## What the task requires
Using the entries that follow, write out the line containing "Freshly squeezed and", the line containing "Buildings with antenna", and every line between them, exactly and nothing else.

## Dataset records
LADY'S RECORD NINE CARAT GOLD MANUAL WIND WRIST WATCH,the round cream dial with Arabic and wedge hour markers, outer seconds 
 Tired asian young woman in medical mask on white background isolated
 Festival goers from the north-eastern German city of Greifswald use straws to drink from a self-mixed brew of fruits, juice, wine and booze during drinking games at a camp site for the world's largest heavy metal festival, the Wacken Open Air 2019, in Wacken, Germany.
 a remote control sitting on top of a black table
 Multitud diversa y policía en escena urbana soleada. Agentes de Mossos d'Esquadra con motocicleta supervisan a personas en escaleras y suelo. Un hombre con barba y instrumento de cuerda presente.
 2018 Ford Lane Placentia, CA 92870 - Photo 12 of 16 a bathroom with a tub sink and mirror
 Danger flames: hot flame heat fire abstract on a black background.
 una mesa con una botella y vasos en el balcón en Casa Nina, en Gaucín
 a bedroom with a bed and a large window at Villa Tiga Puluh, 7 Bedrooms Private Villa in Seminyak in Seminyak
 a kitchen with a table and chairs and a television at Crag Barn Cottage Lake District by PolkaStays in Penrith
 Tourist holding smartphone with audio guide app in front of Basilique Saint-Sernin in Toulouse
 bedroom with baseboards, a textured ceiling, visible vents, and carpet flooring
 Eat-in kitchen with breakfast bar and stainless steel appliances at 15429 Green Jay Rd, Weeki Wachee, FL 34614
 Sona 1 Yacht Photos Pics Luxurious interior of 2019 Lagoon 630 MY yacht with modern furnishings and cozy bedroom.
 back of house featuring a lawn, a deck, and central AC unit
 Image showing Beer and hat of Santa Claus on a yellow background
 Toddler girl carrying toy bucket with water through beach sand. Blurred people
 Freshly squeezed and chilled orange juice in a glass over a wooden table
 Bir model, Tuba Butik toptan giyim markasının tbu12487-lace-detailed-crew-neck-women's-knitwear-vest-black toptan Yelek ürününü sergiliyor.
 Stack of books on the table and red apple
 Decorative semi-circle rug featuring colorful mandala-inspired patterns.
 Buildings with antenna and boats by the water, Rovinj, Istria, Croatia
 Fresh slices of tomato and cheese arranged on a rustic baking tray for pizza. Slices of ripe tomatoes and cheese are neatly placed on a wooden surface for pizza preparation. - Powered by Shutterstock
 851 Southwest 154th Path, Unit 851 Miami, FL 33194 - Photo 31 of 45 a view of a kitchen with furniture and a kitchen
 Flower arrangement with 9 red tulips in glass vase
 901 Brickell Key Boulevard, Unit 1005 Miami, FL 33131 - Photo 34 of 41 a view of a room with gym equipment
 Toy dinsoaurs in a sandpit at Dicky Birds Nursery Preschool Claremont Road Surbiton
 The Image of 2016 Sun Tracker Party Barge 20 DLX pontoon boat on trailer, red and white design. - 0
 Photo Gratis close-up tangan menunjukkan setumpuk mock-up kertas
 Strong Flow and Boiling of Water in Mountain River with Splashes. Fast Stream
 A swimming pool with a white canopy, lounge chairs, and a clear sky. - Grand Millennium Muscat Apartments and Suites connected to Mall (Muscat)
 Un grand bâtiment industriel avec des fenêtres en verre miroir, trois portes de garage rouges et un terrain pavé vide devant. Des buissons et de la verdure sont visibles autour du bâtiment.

## Written solution
 Freshly squeezed and chilled orange juice in a glass over a wooden table
 Bir model, Tuba Butik toptan giyim markasının tbu12487-lace-detailed-crew-neck-women's-knitwear-vest-black toptan Yelek ürününü sergiliyor.
 Stack of books on the table and red apple
 Decorative semi-circle rug featuring colorful mandala-inspired patterns.
 Buildings with antenna and boats by the water, Rovinj, Istria, Croatia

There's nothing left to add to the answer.